Pinksteren : ‘gewoon’ Joods.
Binnenkort is het weer Pinksteren. Het feest waarop we vieren dat het evangelie er is voor alle volken. De ervaring van de ‘uitstorting van de Geest’ (Hand.2) is daarvan de basis.
In Joodse ogen en binnen de orde van de Joodse ‘hoge feesten’ (Ex. 23: 14-17) passen de gebeurtenissen die in Handelingen 2 beschreven zijn gewoon bij het Wekenfeest (de Joodse naam voor Pinksteren) of oogstfeest (Ex.23: 16) Het belangrijkste daarin is dat op de datum van het pinksterfeest de Eeuwige Zijn wet, Zijn Tora, aan Israël gaf. Volgens de traditie precies op de 50ste dag na de uittocht van het volk Israël uit Egypte; dus 7 weken na Pasen. Alle (orthodoxe) Joodse mannen gebruiken de hele nacht voor de 50ste dag, de 6e van de maand Sivan, voor Torastudie. Daarna gaan ze in vreugde naar buiten om elkaar deelgenoot te maken van het verkregen inzicht dat de Eeuwige hun gaf, via de woorden van de Tora, door Zijn Geest (!). Vroeger gingen ze naar het tempelplein, tegenwoordig naar de Klaagmuur. Let erop: De studie van de Tora (Tenach,Talmoed,etc.) geeft de opening waardoor het mogelijk is dat de verlichting van de Geest kan optreden. Niet, wat de standaard christelijke uitleg is, omgekeerd.

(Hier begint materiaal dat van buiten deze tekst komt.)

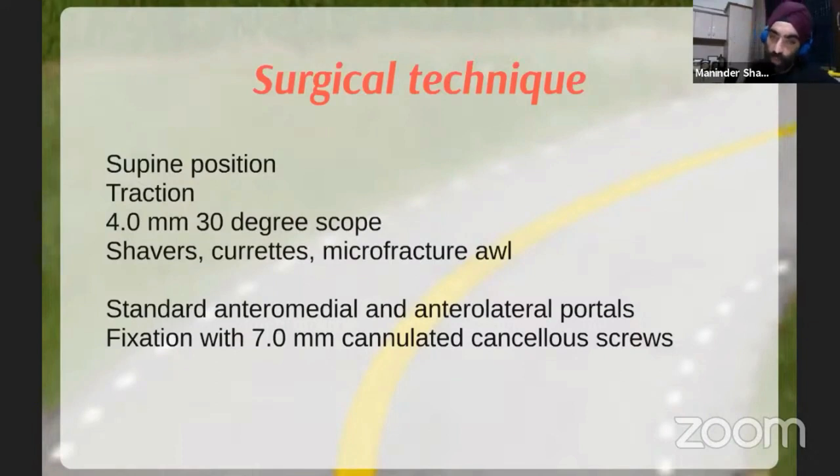Fixation is done with cannulated screws since you can't put a plate arthroscopically. The ideal candidates are patients where you want to minimize soft tissue dissection — those with compromised skin, swelling, diabetes, neuropathy, or scars where you can't approach the ankle well. That's where arthroscopic arthrodesis really comes into its own.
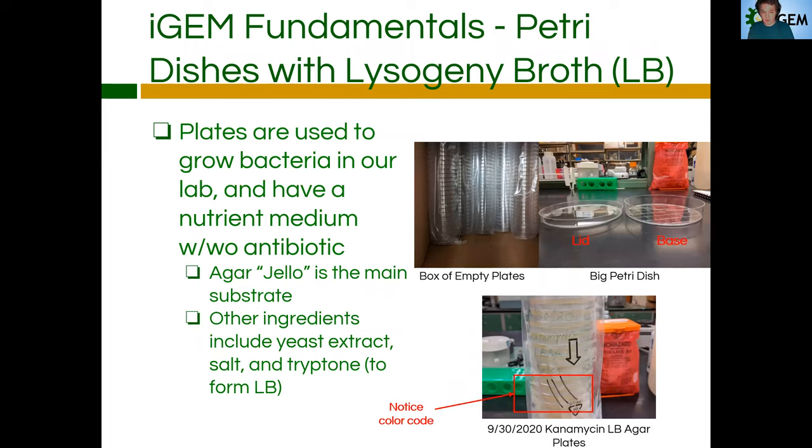Next I wanted to cover petri dishes — specifically petri dishes with lysogeny broth or LB broth — because there are many different types of petri dishes out there, like blood agar petri dishes. What we're using is predominantly lysogeny broth, or LB agar petri dishes. In our lab, plates are used to grow E. coli or bacteria, and they can't just grow by themselves, right? They don't have any nutrient value. So we have to add some sort of nutrient medium to these plates — something solid that we can spread the bacteria on, with or without antibiotic.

Als je het bovenstaande weet, begrijp je een stuk beter wat er in Handelingen 2 gebeurt en hoe ‘gewoon’ Joods dat is: Petrus heeft kennelijk de afgelopen nacht Joël 3 bestudeerd In de vroege morgen vertelt hij zijn volksgenoten, joden en proselieten, de conclusies van zijn studie. Ze horen hem aan en hebben, in geheel Joodse stijl, zo hun opmerkingen, instemmingen en twijfels. Er wordt in Handelingen 2 melding gemaakt van het opmerkenswaardige feit dat ieder hoort en begrijpt wat Petrus zegt. In de taal waarin ze geboren waren. Door de studie en confrontatie met die heilige taal in de voorgaande nacht, verstaan ze alles wat Petrus zegt.
En de cynici onder hen die zeggen dat Petrus en zijn vrienden vol zoete wijn zijn, zijn ook best realistisch. Een glaasje vreugdewijn na zo’n lichamelijke zware studie zal geen uitzondering geweest zijn.